But this definition is useless because every property is a Yoneda property (and, hence, also a co-Yoneda property) -- just take $P'$ to be the property "$h$ is isomorphic to the functor $\mathrm{Hom}(-,X)$, for some object $X$ with property $P$". So my question is: Is there a good definition of "Yoneda property"?

Here are some examples of what I have in mind. In the category of modules over a given ring, injectivity should be a Yoneda property and projectivity should be a co-Yoneda property. In any category, being a terminal object should be a Yoneda property and being an initial object should be a co-Yoneda property.
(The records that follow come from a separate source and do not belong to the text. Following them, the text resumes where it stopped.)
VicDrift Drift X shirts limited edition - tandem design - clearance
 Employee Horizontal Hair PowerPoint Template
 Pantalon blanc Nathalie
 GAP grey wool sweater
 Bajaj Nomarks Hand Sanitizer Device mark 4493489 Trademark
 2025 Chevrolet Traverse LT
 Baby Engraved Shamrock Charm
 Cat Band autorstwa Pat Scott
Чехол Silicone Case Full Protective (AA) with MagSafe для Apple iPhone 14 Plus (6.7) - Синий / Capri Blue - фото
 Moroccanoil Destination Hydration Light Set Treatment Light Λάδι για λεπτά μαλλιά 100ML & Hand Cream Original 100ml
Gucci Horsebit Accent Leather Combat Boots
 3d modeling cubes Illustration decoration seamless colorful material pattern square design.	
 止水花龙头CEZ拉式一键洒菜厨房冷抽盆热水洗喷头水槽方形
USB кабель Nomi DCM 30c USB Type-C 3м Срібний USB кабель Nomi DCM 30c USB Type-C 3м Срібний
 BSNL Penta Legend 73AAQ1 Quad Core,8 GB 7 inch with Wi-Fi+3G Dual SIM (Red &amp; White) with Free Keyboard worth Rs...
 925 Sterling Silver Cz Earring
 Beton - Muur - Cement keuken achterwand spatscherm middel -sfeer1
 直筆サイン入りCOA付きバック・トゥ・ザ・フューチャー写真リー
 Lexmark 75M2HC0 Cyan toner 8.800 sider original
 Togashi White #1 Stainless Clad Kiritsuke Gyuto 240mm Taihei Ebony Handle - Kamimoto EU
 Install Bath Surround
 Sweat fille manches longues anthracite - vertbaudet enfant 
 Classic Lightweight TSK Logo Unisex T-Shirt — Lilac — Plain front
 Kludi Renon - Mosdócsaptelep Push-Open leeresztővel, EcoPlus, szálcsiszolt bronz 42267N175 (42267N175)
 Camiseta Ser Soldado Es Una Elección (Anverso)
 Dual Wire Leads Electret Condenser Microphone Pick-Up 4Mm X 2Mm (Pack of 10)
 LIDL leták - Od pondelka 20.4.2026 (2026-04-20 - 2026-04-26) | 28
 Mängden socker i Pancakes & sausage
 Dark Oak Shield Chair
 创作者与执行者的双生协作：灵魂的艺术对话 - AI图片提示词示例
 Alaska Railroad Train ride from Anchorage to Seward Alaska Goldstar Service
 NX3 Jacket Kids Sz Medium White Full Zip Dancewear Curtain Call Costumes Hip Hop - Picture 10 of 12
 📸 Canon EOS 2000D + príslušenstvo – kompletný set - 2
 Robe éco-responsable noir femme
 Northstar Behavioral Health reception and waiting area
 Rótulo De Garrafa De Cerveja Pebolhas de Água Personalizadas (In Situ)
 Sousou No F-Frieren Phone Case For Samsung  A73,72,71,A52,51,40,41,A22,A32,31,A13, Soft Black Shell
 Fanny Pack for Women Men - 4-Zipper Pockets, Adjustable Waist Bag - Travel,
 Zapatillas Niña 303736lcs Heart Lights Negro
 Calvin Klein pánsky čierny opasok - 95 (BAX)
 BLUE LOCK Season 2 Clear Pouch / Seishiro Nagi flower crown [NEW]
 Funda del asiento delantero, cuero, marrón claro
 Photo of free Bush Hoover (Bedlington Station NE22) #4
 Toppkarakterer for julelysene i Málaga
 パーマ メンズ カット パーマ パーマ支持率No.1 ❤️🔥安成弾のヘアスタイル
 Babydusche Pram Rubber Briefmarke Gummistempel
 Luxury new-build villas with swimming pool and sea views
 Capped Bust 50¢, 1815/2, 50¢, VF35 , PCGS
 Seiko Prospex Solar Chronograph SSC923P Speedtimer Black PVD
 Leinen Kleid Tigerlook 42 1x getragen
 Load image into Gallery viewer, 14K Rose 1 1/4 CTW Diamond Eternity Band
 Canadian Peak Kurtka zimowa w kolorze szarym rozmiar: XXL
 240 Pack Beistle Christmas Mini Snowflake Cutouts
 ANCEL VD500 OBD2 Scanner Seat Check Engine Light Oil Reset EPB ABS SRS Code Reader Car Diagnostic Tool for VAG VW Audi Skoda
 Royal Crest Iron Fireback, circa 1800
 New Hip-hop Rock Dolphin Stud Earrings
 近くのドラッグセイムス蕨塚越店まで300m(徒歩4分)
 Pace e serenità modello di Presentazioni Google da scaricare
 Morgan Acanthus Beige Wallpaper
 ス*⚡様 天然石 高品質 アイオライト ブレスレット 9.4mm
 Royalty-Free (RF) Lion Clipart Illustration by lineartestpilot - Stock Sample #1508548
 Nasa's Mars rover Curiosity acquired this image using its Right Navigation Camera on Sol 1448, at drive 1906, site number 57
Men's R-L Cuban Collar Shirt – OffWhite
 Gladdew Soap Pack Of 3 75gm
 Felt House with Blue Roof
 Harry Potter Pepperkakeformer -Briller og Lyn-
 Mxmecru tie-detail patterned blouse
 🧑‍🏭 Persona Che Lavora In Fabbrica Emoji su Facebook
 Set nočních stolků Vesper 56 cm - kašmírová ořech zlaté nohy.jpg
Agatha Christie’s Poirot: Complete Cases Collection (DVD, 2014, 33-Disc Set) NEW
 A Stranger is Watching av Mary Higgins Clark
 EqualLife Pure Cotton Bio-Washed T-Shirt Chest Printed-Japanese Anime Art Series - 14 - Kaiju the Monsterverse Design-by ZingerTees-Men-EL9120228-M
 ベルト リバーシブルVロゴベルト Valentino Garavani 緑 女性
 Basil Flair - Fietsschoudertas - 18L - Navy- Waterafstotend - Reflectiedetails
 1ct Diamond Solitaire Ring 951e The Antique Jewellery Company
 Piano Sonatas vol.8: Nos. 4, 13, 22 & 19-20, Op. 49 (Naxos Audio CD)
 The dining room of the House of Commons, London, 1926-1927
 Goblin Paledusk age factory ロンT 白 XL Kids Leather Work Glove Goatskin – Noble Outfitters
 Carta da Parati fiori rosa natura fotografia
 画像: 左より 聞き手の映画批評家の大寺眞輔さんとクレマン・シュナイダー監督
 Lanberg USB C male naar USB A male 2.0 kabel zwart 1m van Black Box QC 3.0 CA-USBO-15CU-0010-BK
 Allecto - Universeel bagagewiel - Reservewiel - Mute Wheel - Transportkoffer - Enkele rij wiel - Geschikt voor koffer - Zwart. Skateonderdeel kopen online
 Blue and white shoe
We could do the same thing with maps instead of objects, and then in the category of schemes being proper should be a Yoneda property (by the valuative criterion), as would being separated, formally smooth, formally unramified, locally of finite presentation, and so on.

A few more remarks:

  1. It seems that we'd want to keep the definition I gave above but make some restriction on properties of functors we allow. Quantifying existentially over all objects of the category (which is what breaks the definition above) probably should not be allowed. But what exactly should be allowed?

  2. There appear to be different kinds of Yoneda properties. For example, in the category of schemes, the definition of formally smooth is of the form "for all diagrams of type $Y$, there exists a map $f$ such that $Z$ holds", and the definition of formally unramified is of the form "for all diagrams of type $Y$ and all maps $f, f'$ such that $Z$ holds, we have $f=f'$". Maybe it would be better to distinguish these different kinds of properties. So it might be more natural to define separately "Yoneda properties of existence type" (e.g. formal smoothness), "Yoneda properties of uniqueness type" (formal unramifiedness), and maybe others.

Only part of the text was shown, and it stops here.